By Noah Rothman
Wednesday, May 21, 2025
Maybe you can spot the fallacy in the following:
If you can, you should congratulate yourself on
possessing the capacity for critical rationality even when evaluating claims
that cast Israel in a bad light. That faculty renders you more perceptive than
much of the Western journalistic establishment.
Such was the commitment of the international press to the
notion that Israel is deliberately engineering a famine in the Gaza Strip that
it accepted at face value a claim so logically deficient that an elementary
school student should be able to identify the sophistry in it.
“Around 14,000 babies could die in the next 48 hours if
many more aid trucks do not reach Gaza, the U.N.’s humanitarian chief says,”
read the claim promulgated by a variety of news outlets, including a since-deleted social-media post
promoted by NBC News.
The first tell readers of this piece will encounter is
that the initial 540 words of the report accompanying the post are
devoted not to the imminent humanitarian catastrophe that is about to befall
the Palestinian population. Rather, it is replete with quotes from critics of
Benjamin Netanyahu insisting that the resumption of Israeli combat operations
against Hamas risks consigning the Jewish State to “pariah state” status.

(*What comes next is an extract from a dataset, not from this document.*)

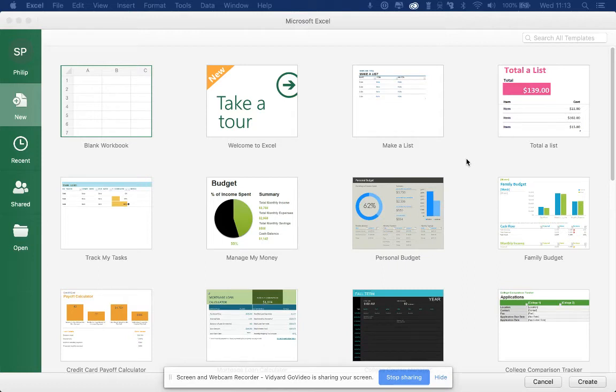Hi, this is Philip from SalesWings. I would like to briefly explain to you how you can import your contact list into Excel.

Indeed, for the prime minister, “killing babies is a pastime,” one of his
domestic critics charged.
When it eventually gets around to exploring the
allegation it broadcast on social media, NBC News couched the claim: “Around
14,000 babies face severe malnutrition if a lot more aid trucks don’t reach the
Palestinian enclave soon, U.N. humanitarian chief Tom Fletcher told the BBC on
Tuesday,” the report read.
That was a “clarification” from the original claim that
NBC News and many other journalistic enterprises promoted. Their mistake was to
trust the
BBC’s reporting and their source, a U.N. functionary. “There are 14,000
babies that will die in the next 48 hours unless we can reach them,” Fletcher
told the British media venue — a claim that horrified and inflamed the
civilized world. The BBC ran with it. Only later did the outlet ask him “how he
had arrived at that figure.” Fletcher “said there were ‘strong teams on the
ground’ operating in medical centers and schools — but did not provide further
details.”
The BBC subsequently walked the original explosive
allegation back to the point that it no longer remotely recognized the
assertion that libeled both the Israeli government and the Israeli people:
The BBC later asked for
clarification on the figure from the UN’s Office for the Coordination of
Humanitarian Affairs (UNOCHA), which said: “We are pointing to the imperative
of getting supplies in to save an estimated 14,000 babies suffering from severe
acute malnutrition in Gaza, as the IPC partnership has warned about. We need to
get the supplies in as soon as possible, ideally within the next 48 hours.”
It highlighted a report from the
Integrated Food Security Phase Classification (IPC) which stated 14,100 severe
cases of acute malnutrition are expected to occur among children aged six to 59
months between April 2025 and March 2026.
The IPC report says this could take
place over the course of about a year – not 48 hours. [Emphasis added]
So, not “babies” but young children. Not “death” but
possible malnutrition. Not 48 hours but twelve full months, and only if
conditions persist along a straight-line trajectory. Other than that. . . .
If only this were the first time the Western press
reported feverishly on the forthcoming famine inside the Gaza Strip that never
occurred. In the summer of last year, the IPC led the press astray in precisely
the same way. “Famine is imminent,” the group declared in a claim that was
uncritically retailed by virtually every legacy media outlet. But the organization soon admitted that its initial
assessment was faulty. “The available evidence does not indicate that Famine is
currently occurring,” the IPC confessed. In fact, the Netanyahu government had
increased aid deliveries into Gaza, and the humanitarian situation was not
conducive to the onset of mass starvation.
None of this is to say that the plight of the Palestinian
people in Gaza is endurable. Netanyahu himself has stressed the need to prevent excess
hunger in the Strip — a conundrum insofar as allowing aid to flow into the
Strip without allowing it to fall into Hamas’s hands, which relies on it to
preserve its control over Gaza’s civilian population, is a delicate balance.
Still, the Israeli government is justified in its objection to the IPC’s findings, which Jerusalem
maintains are “based on assumptions that have proven inaccurate and alarmist
time and time again.” They failed to account for the distribution of aid from
over 25,000 trucks following a brief cease-fire deal earlier this year, and
they rely on U.N. sources for information, “which during the ceasefire period
reflected only about a third of the actual humanitarian aid that entered Gaza.”
Journalists were stung by the U.N. and its pathological mistrust of Israel last year, and they were burned again in exactly the same way this year. We might expect the Fourth Estate to stop touching that same hot stove. But there are no reputational consequences for assuming the worst of Israel, so why should we expect a sudden outbreak of prudence?